Sunday, February 20, 2005

The Olympic Games 2002: - Boulder, Salt Lake, Moscow -


salk lake



This was originally an article I wrote for The Moscow Times three years ago, but, due to an editor's trip to India, which is Kafka-speak for who-the-fuck-knows-why-anything-ever-happens (though an editor really did go to India) it never got published. By the time the editor returned, everyone who had any kind of access to news was so cripplingly nauseated by Olympics scandals, figure-skaters, steroids, and stories of hope that to even mention the phrase "Salt Lake" was justification for ending a date early, and it never made its way into the paper. So I figured I'd go on and "publish" (ha ha) it on the blog. Welcome back to 2002, kids.

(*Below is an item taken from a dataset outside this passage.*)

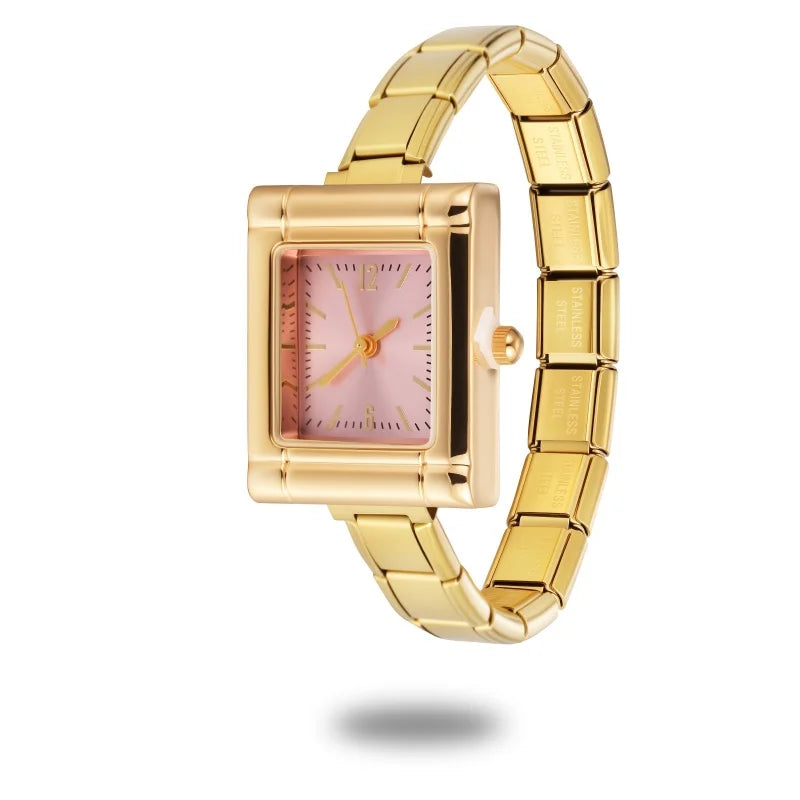 Fashion Italian Elastic Charm DIY Width Stainless Round Watch Women's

- Boulder, Salt Lake, Moscow -

    I have really enjoyed Russian television’s coverage of the Olympics so far.  One reason is that I just watched the full Women’s Sprint Biathlon for a full hour from 1 am until 2 am.  Another reason is the only slightly prevalent presence of Coca-Cola ads.  And another reason is the utter and complete lack of Chevy ads with dramatic stories of American medal hopefuls.  To get to the meaning behind these I’ll have to start at the beginning.

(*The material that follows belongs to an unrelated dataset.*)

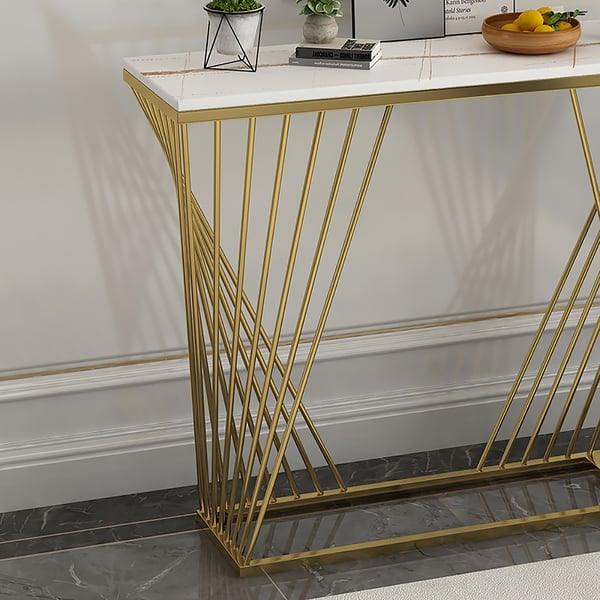 Modern Golden Console Table with Trapezoid Design - Decor Mantra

    I had told everyone that I was Russian, from Moscow even, and that allowed me to move up to the front of the crowd at the bottom of the 90k ski jump.  It was a sizeable crowd; at least 18,000 according to the P.A. announcement.  But it was loose and easy to weave through, with the notable exception of the spectators who had brought blankets to the event, expecting to sit, relaxed on the ground, and catch all of the action, an act that could only be considered absurd in a Nordic country.   I had come to the event with my family from Colorado by car—myself on vacation from Moscow—to see my friend and native Muscovite Alexei Fadeev compete in the Nordic Combined, an event that consists of both ski-jumping and cross-country skiing.  Along with the team he had received a bronze medal in the team event four years ago in Nagano.  This year, as the team had lost a couple of key members, they didn’t have high aspirations for that event.  Alexei, the Russian national champion, was ranked 30th going into his first jump of the day.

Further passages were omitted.